Zona tumbukan 2 lempeng yang menimbulkan gempa di Nepal
sejalur hingga lempeng gempa di Indonesia (Grafis:
dongenggeologi.com/Rovicky Dwi Putrohari)
"Satu, BMKG mengembangkan teknologi prekursor, memprediksi dengan mengukur percepatan kulit bumi segala macam. Dengan begitu, kita mendapatkan informasi tentang gerakan besar di tempat lain yang kemudian membawa kemungkinan terjadi, tapi kemungkinan ya, bukan kita memprediksi," jelas Kepala BMKG Andi Eka Sakya saat ditanya langkah mitigasi gempa besar yang diprediksi akan terjadi di Indonesia.
Andi mengatakan hal itu di sela Rakornas BMKG 2015 dengan tema "Percepatan pembangunan BMKG untuk mendukung program Nawa Cita dalam rangka menuju organisasi kelas dunia" di Auditorium BMKG, Jl Angkasa, Kemayoran, Jakarta Pusat, Selasa (5/5/2015).

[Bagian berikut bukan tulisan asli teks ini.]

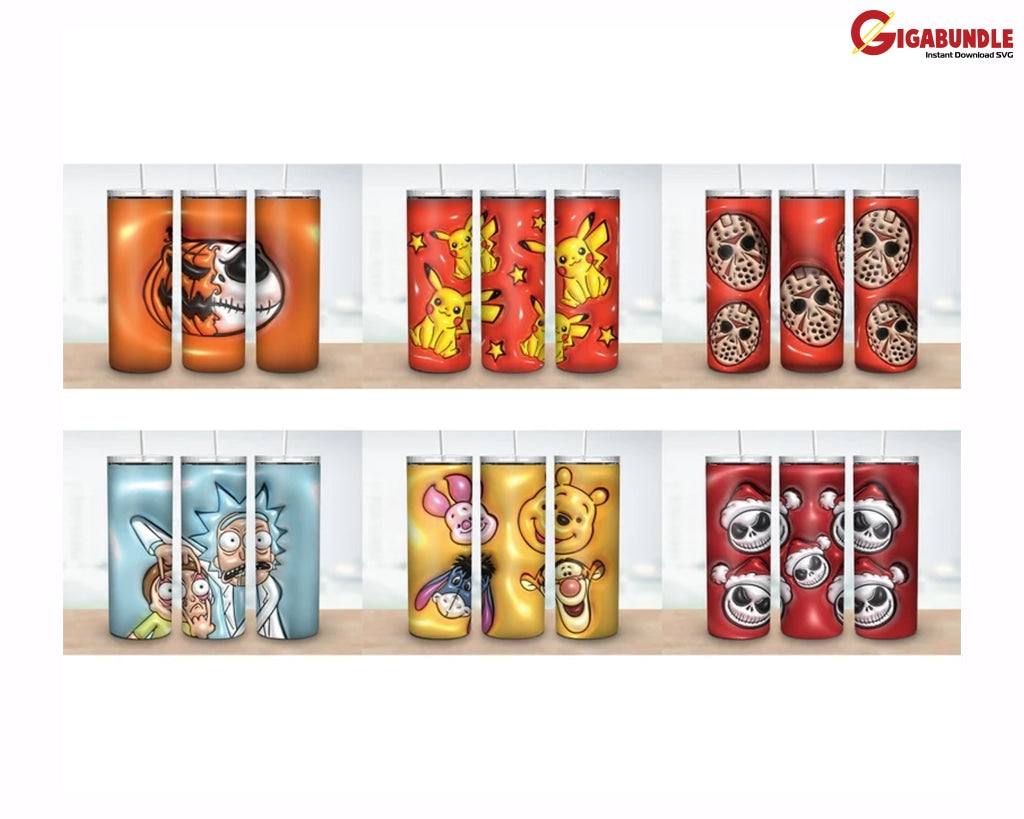 40+ New Designs Inflated 3D Cartoon Characters Skinny Tumbler 20 Oz Bundle- Instant Download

Dia menambahkan, bahwa belum ada teknologi yang bisa memprediksi waktu terjadinya gempa. Maka yang kemudian dilakukan adalah mengukur pergeseran kulit bumi dan memprediksi wilayah terjadinya gempa.

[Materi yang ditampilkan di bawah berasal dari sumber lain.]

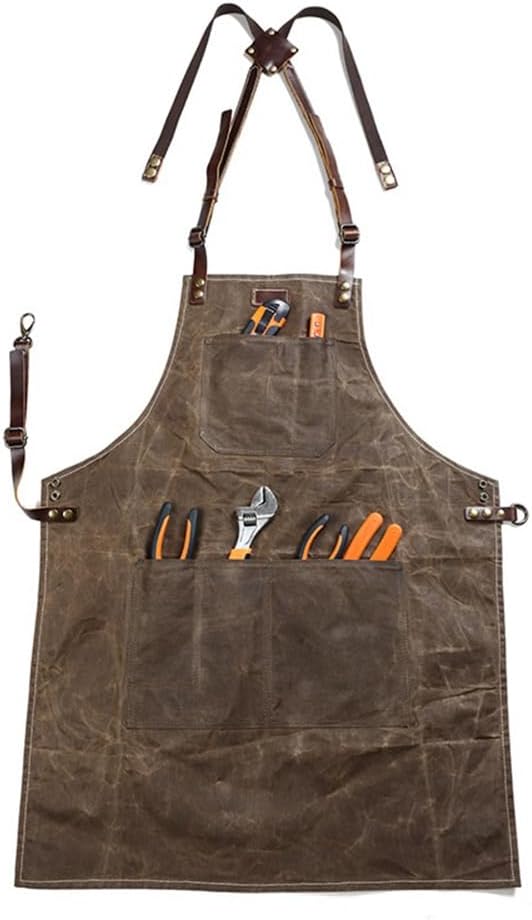 Midkit Utility Apron Adjustable Cross-Back Straps Multi-Use Portable 8oz Waxed Canvas Aprons With 5 Tool Pockets Fits M- 3XL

"Karena belum ada teknologinya (memprediksi waktu gempa) bahkan di Amerika. Ini perlu saya ingatkan, bukannya kita memprediksi tapi mendeteksi," imbuh Andi.
Langkah mitigasi bencana gempa kedua yang dilakukan BMKG adalah mengembangkan teknologi tsunami eary warning system atau sistem deteksi dini tsunami.

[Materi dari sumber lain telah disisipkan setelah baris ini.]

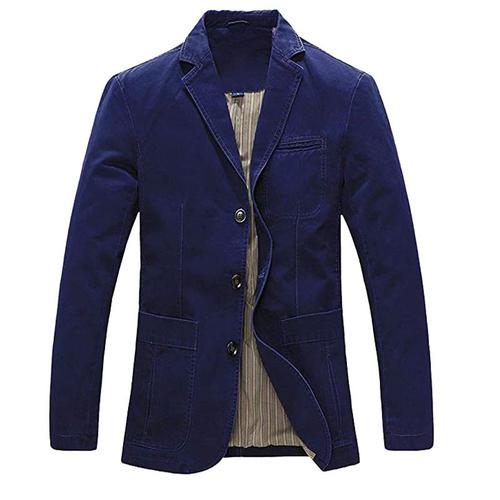 Blouson Homme Manteau Casual Coton Slim Costume Veste Jacket Trois Boutons Veston Col Revers Homme Blouson Classique -Sunny032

"Kedua, kita mengembangkan teknologi tsunami early warning sistem. Kalau kita bisa melokalisir gempa itu di mana, berapa besarnya, waktunya kapan, apakah terjadi tsunami atau tidak, supaya dampak tidak terjadi besar. Teknologi sudah diakui 28 negara, makanya Unesco menetapkan BMKG untuk menjadi pusat informasi tsunami di Samudra Hindia," jelas dia.
Mengenai prediksi para geolog dan pakar gempa, dia membenarkan prediksi itu. Namun, Andi kembali menekankan, gempa yang diprediksi para pakar itu tidak bisa diprediksi waktu terjadinya namun bisa diketahui di mana akan terjadi. Para geolog memprediksi berdasarkan riwayat pergerakan lempeng selama belasan bahkan puluhan tahun.
"Ya, karena ada jalur ring of fire di sana. Kemungkinan seperti itu (prediksi gempa besar di Indonesia setelah di Nepal). Oleh karena itu para pakar menyebutnya waspada," imbuh Andi.
Sedangkan seismolog BMKG Ariska Rudyanto menambahkan kemungkinan prediksi para pakar itu bisa terjadi karena ada baik Nepal dan Indonesia terletak di antara dua lempeng besar yakni Lempeng Indo-Australia dan Lempeng Euroasia.
"Akan tetapi kita tidak mengetahui kapan gempa akan terjadi lalu kekuatan seperti apa, kita tidak pernah tahu. Misalnya gempa di Nepal terjadi akibat gempa di Aceh waktu itu, atau gempa di Jogja akibat kejadian di Jepang. Itu bisa saja. Karena sifatnya energi yang tidak bisa dilihat hanya bisa dirasakan," jelas dia.
Ariska juga menyarankan lebih memperhatikan mitigasi bencana gempa. Menurutnya, gempa alias goncangan bumi itu tidak membunuh.
"Korban yang terjadi justru akibat colapse building, reruntuhan gedung. Oleh karena itu kita perlu memperhatikan seberapa kokohnya bangunan gedung itu dan keberadaan pondasi mereka ada di tanah lunak atau bagaimana sehingga ini menjadi langkah mitigasi bencana gempa," tuturnya.